# TASK TO CARRY OUT
In the data below, reproduce everything exactly except the images.

# PROVIDED MATERIAL
--- --- ---

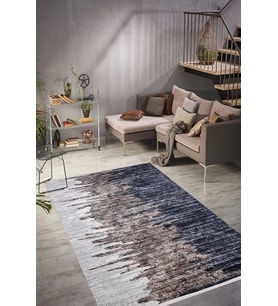 Dijital Kaymaz Yıkanabilir Krem Modern Salon Halısı Mutfak Halısı Koridor Halısı Yolluk HLN902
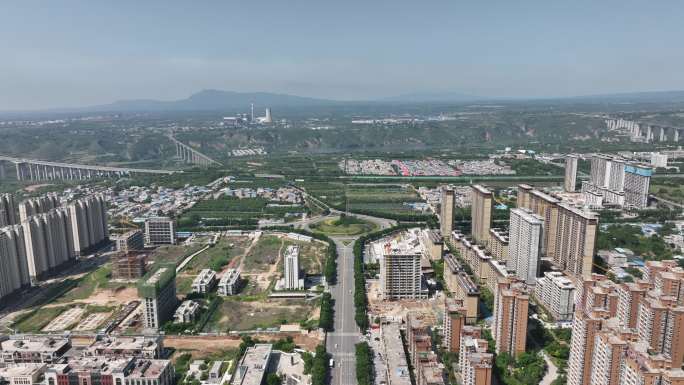 铜川城市空景铜川宣传片素材航拍铜川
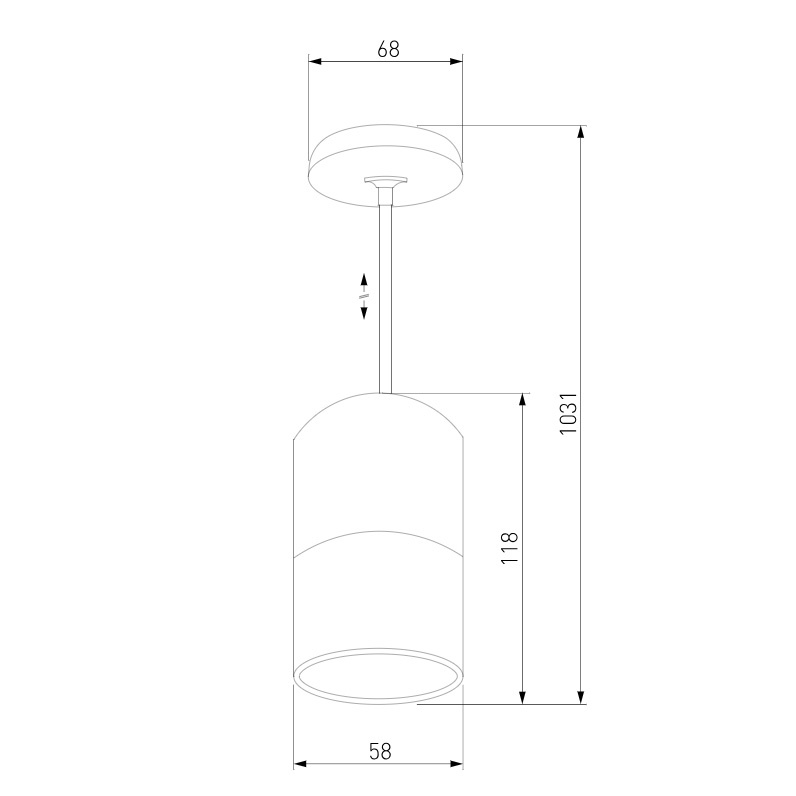 Подвесной светильник Eurosvet Mini Topper 50146/1 хром/черный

--- --- ---

# TASK OUTPUT
 Dijital Kaymaz Yıkanabilir Krem Modern Salon Halısı Mutfak Halısı Koridor Halısı Yolluk HLN902
 铜川城市空景铜川宣传片素材航拍铜川
 Подвесной светильник Eurosvet Mini Topper 50146/1 хром/черный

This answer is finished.